It was a common and apparently instinctive practice with him to speak of the great operations of Nature, the thunder, the wind, the shining of the sun, etc., in the first person, “I”—the identification with, or non-differentiation from the universe (which is the most important of esoteric doctrines) being in his case complete. So also the democratic character of his teaching surpassed even our Western records. He would take a pariah dog—the most scorned of creatures—and place it round his neck (compare the pictures of Christ with a lamb in the same attitude), or even let it eat out of one plate with himself! One day, in Tanjore, when importuned for instruction by five or six disciples, he rose up and saying, “Follow me,” went through the streets to the edge of a brook which divided the pariah village from the town—a line which no Hindu of caste will ever cross—and stepping over the brook bade them enter the defiled ground. This ordeal however his followers could not endure, and—except one—they all left him.

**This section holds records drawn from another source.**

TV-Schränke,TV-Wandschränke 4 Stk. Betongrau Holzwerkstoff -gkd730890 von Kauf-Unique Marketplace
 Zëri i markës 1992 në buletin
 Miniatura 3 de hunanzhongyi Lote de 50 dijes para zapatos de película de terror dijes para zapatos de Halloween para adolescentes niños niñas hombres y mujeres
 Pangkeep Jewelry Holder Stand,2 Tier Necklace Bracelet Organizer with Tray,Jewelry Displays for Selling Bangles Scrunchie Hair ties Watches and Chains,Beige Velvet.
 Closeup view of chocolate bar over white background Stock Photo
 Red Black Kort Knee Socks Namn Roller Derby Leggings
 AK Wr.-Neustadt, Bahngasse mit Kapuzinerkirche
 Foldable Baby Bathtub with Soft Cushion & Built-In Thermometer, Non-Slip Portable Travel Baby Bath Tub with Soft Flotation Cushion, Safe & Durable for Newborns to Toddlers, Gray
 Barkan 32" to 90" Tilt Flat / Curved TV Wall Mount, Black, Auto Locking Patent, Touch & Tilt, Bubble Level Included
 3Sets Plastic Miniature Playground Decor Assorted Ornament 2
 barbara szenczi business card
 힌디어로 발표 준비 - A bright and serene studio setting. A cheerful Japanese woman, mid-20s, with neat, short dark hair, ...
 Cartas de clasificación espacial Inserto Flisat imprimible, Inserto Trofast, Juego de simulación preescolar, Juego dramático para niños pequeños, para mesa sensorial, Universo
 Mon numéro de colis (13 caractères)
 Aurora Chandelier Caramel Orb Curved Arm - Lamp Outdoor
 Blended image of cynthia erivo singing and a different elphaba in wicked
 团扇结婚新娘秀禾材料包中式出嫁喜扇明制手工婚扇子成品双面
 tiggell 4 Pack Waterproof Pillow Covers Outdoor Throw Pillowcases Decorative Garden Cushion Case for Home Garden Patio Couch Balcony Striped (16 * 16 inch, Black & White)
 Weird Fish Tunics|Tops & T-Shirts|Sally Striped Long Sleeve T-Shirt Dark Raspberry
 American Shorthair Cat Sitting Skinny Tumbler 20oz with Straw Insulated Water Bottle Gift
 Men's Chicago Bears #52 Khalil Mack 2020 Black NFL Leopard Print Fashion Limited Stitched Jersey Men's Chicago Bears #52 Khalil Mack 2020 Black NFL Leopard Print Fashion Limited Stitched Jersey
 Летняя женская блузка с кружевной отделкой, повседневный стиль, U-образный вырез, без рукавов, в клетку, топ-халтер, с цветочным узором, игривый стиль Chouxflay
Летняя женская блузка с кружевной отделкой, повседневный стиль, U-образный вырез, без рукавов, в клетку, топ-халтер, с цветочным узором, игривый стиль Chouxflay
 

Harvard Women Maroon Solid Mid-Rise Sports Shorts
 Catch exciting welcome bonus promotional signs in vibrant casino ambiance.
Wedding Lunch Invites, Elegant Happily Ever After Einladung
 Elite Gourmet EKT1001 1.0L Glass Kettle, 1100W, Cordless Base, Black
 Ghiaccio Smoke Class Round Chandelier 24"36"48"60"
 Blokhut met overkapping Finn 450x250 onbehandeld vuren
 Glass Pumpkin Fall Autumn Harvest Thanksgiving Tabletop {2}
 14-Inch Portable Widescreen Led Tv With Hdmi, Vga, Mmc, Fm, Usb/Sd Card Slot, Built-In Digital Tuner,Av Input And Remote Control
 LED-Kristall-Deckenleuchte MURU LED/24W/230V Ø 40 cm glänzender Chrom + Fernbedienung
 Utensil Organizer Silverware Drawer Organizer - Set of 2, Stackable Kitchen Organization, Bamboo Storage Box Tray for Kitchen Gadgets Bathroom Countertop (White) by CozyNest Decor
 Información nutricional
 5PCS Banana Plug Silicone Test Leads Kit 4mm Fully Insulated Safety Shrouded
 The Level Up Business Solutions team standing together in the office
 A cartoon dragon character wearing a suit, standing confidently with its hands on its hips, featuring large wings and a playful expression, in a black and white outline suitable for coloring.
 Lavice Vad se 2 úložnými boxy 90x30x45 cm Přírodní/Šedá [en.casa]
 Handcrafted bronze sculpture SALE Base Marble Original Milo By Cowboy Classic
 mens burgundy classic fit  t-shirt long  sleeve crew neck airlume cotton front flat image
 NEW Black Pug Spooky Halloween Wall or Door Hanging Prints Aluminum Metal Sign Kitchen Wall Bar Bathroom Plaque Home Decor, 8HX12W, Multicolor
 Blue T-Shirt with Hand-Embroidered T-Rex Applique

Tilleináthan’s pupil, the teacher of whom I am presently speaking, is married and has a wife and children. Most of these “ascetics” think nothing of abandoning their families when the call comes to them, and of going to the woods perhaps never to be seen again. He however has not done this, but lives on quietly at home at Tanjore. Thirty or forty years ago he was a kind of confidential friend and adviser to the then reigning prince of Tanjore, and was well up in traditional state-craft and politics; and even only two or three years ago took quite an active interest in the National Indian Congress. His own name was Ramaswámy, but he acquired the name Elúkhanam, “the Grammarian,” on account of his proficiency in Tamil grammar and philosophy, on which subject he was quite an authority, even before his initiation.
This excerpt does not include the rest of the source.